Collection entries
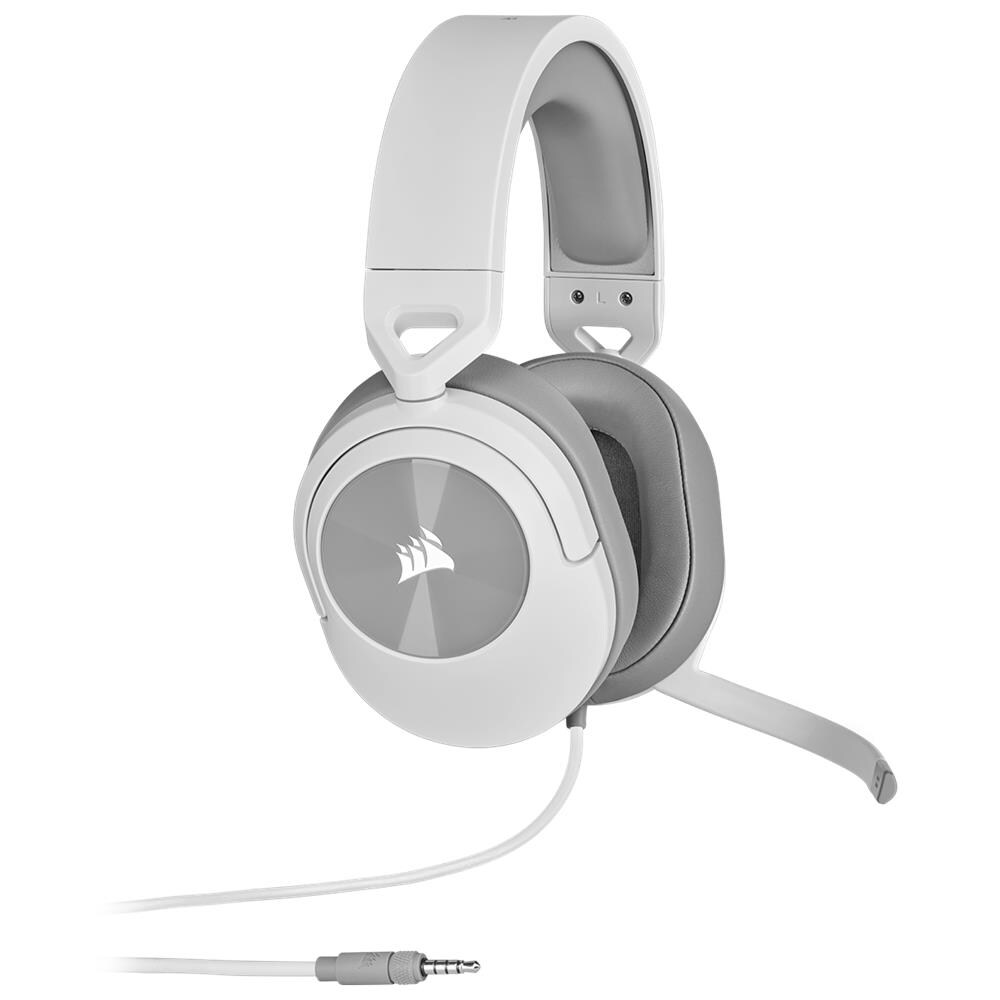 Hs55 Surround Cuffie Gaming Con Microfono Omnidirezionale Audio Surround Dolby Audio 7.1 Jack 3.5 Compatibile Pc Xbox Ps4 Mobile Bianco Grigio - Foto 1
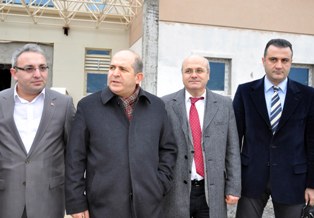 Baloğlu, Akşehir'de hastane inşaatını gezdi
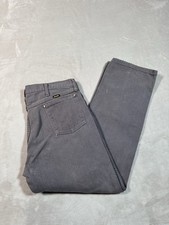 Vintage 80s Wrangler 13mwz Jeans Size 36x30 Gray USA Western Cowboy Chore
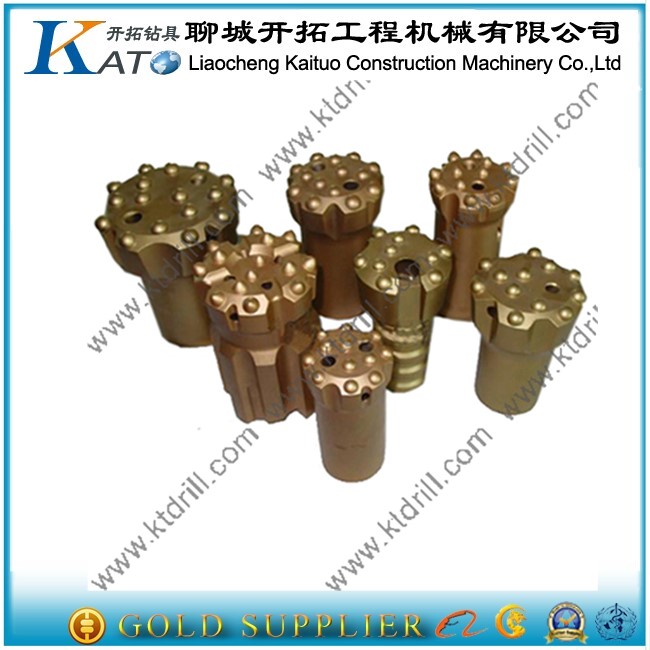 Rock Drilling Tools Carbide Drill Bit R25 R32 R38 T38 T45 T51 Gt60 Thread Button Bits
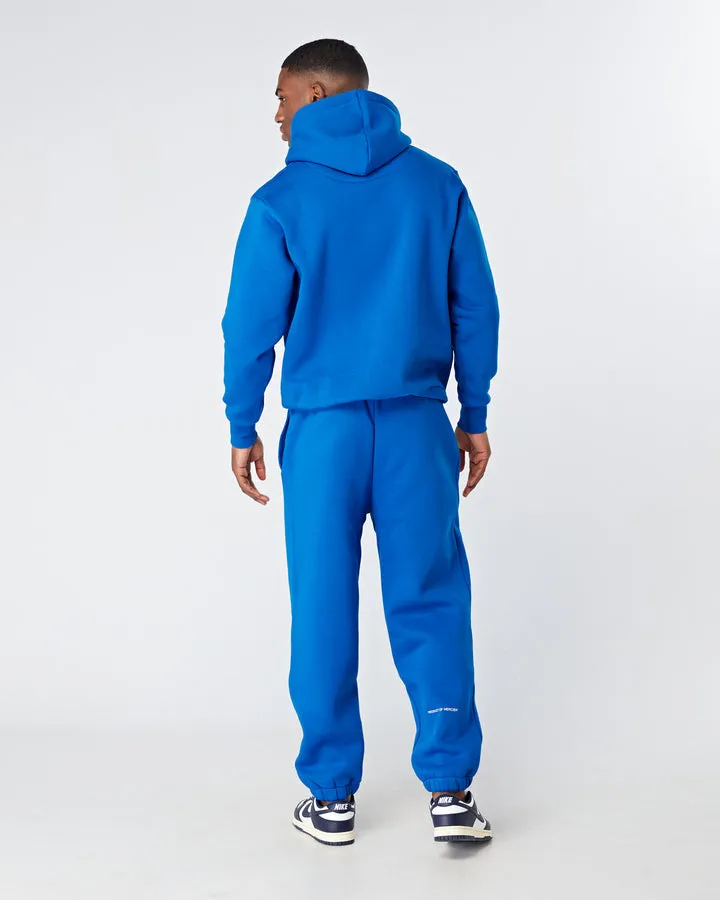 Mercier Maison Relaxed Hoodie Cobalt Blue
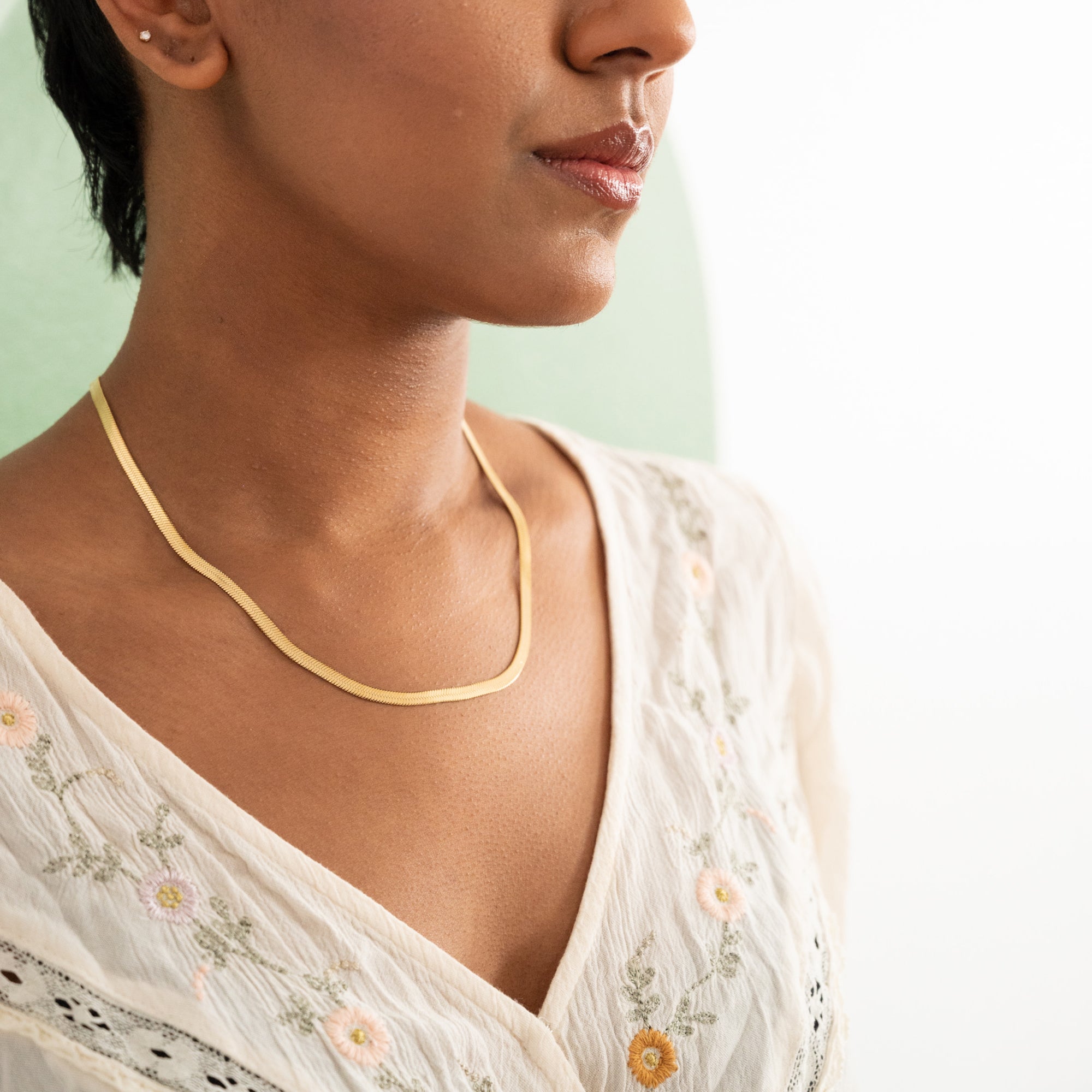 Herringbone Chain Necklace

**Exercise goal:** Any picture among the entries must be skipped; copy all else exactly.

**Your solution:**
 Hs55 Surround Cuffie Gaming Con Microfono Omnidirezionale Audio Surround Dolby Audio 7.1 Jack 3.5 Compatibile Pc Xbox Ps4 Mobile Bianco Grigio - Foto 1
 Baloğlu, Akşehir'de hastane inşaatını gezdi
 Vintage 80s Wrangler 13mwz Jeans Size 36x30 Gray USA Western Cowboy Chore
 Rock Drilling Tools Carbide Drill Bit R25 R32 R38 T38 T45 T51 Gt60 Thread Button Bits
 Mercier Maison Relaxed Hoodie Cobalt Blue
 Herringbone Chain Necklace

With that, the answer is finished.